A violência obstetrícia em debate no Brasil
Enviada em 12/09/2019
Humanização do parto em discussão
De acordo com a pesquisa realizada pela Fundação Perseu Abramo em 2010, uma em cada quatro mulheres no Brasil sofreu violência obstétrica. A violência obstétrica trata-se de um atendimento desumano que envolve o nascimento do bebê, de forma que silencia a voz da parturiente a respeito das decisões dos procedimentos realizados em seu corpo, além de constituir de agressões verbais e físicas durante o trabalho de parto. Logo, a violência obstétrica em debate é essencial no Brasil, visto que é a cesárea é frequente, e há desumanização do parto.
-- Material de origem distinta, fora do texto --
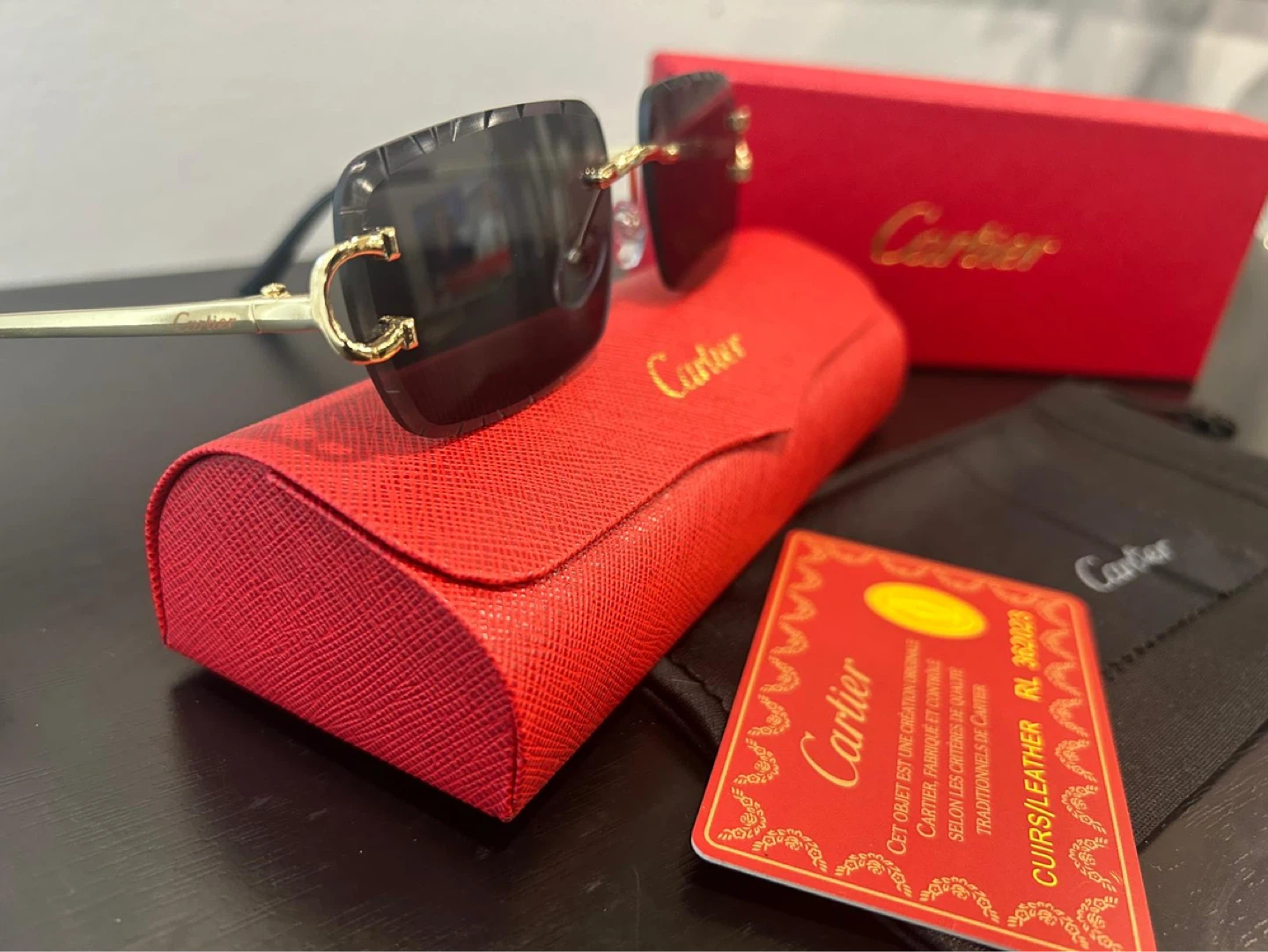 Black Cartier Sunglasses Rimless Black - photo 2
Decerto, a polêmica acerca da violência obstétrica tem como uma das causas a predominância do número de cesáreas no país. Esse fato é notado pelo Ministério da Saúde que constata que a cesárea é prevalente e imposta pela sociedade médica brasileira, sendo que a OMS recomenda o parto normal na maioria dos casos de gravidez. Em razão disso, percebe-se que o Brasil não respeita as advertências sobre a saúde da mulher no momento do parto. Nesse sentido, de fato, a discussão da violência obstétrica é essencial, já que o parto normal precisa ser prioridade no Brasil.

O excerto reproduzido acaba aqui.